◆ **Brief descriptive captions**
######
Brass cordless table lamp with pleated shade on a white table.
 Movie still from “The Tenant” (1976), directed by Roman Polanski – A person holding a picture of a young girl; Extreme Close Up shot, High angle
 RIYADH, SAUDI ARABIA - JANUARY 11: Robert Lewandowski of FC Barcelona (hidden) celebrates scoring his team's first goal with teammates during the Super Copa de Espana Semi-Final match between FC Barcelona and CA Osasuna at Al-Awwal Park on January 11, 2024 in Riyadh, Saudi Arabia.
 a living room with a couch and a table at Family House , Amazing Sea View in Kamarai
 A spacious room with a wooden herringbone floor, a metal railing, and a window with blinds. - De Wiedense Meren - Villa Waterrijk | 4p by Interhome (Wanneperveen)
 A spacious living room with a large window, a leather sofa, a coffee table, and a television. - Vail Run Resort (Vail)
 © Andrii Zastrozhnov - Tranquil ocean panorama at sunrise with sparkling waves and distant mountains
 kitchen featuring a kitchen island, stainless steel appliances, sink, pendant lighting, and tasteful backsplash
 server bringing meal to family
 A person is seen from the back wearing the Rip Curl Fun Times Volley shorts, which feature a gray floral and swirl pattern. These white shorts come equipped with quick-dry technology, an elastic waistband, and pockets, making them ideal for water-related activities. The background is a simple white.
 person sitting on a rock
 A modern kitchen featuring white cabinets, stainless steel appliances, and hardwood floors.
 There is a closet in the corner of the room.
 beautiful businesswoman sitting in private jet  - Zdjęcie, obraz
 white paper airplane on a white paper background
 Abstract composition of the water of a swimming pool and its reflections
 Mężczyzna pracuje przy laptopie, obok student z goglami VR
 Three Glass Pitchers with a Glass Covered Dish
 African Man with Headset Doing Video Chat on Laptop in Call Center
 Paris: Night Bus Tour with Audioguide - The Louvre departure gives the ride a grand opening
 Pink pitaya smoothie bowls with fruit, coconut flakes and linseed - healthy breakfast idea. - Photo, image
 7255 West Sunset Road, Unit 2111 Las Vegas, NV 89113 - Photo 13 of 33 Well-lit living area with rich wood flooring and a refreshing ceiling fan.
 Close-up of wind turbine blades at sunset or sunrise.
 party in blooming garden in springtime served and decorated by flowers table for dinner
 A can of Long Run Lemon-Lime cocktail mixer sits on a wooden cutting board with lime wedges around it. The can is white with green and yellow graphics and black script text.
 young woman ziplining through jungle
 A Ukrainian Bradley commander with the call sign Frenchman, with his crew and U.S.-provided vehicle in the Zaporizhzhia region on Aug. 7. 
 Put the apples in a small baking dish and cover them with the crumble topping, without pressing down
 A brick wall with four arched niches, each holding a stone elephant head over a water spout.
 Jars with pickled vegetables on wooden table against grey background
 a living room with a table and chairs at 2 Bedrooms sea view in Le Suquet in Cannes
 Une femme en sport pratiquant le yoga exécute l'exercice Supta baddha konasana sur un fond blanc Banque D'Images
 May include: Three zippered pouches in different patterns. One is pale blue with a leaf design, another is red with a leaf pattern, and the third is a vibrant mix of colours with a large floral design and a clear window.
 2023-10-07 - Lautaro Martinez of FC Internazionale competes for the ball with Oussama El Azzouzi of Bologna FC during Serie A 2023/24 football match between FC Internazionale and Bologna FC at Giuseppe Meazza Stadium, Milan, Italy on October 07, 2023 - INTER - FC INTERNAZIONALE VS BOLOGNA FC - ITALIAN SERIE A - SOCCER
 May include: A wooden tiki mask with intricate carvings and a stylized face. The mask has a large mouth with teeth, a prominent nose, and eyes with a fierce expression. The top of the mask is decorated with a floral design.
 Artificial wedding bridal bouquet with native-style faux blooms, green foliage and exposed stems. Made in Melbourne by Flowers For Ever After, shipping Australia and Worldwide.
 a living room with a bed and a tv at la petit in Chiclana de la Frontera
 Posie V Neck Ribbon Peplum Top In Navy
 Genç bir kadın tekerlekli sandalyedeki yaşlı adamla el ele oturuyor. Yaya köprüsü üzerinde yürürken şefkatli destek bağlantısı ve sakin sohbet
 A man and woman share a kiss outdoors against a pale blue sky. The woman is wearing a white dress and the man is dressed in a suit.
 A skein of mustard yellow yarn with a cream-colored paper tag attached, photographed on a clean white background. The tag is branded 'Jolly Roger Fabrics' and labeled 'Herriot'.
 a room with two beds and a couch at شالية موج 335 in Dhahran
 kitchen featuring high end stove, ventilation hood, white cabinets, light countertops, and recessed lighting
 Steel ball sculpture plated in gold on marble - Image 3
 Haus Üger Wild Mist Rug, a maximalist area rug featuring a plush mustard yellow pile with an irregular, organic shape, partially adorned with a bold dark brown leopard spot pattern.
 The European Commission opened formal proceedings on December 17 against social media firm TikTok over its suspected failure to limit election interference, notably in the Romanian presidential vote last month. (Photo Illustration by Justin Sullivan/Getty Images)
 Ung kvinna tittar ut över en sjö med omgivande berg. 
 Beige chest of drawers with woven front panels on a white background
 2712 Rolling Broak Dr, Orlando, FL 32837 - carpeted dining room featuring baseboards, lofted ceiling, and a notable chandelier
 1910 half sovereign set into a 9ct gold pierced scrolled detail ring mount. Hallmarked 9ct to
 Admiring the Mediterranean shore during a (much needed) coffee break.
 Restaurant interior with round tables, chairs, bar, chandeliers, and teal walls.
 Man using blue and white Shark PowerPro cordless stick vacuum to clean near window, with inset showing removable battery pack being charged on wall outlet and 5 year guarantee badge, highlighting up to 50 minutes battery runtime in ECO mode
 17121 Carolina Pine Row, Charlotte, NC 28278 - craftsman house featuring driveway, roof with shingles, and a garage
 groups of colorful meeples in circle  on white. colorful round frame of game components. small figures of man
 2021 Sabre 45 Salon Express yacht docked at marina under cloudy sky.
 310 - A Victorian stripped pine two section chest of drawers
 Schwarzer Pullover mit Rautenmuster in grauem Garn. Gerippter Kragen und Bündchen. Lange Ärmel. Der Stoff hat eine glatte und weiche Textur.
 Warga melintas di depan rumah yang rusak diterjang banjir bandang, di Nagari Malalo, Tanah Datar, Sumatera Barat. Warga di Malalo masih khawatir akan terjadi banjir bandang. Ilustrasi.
######
Only the lines above from the line with "Artificial wedding bridal" to the line with "Posie V Neck Ribbon Peplum Top In Navy", those two lines included, should be reproduced exactly.

◆ **Result for this task**
 Artificial wedding bridal bouquet with native-style faux blooms, green foliage and exposed stems. Made in Melbourne by Flowers For Ever After, shipping Australia and Worldwide.
 a living room with a bed and a tv at la petit in Chiclana de la Frontera
 Posie V Neck Ribbon Peplum Top In Navy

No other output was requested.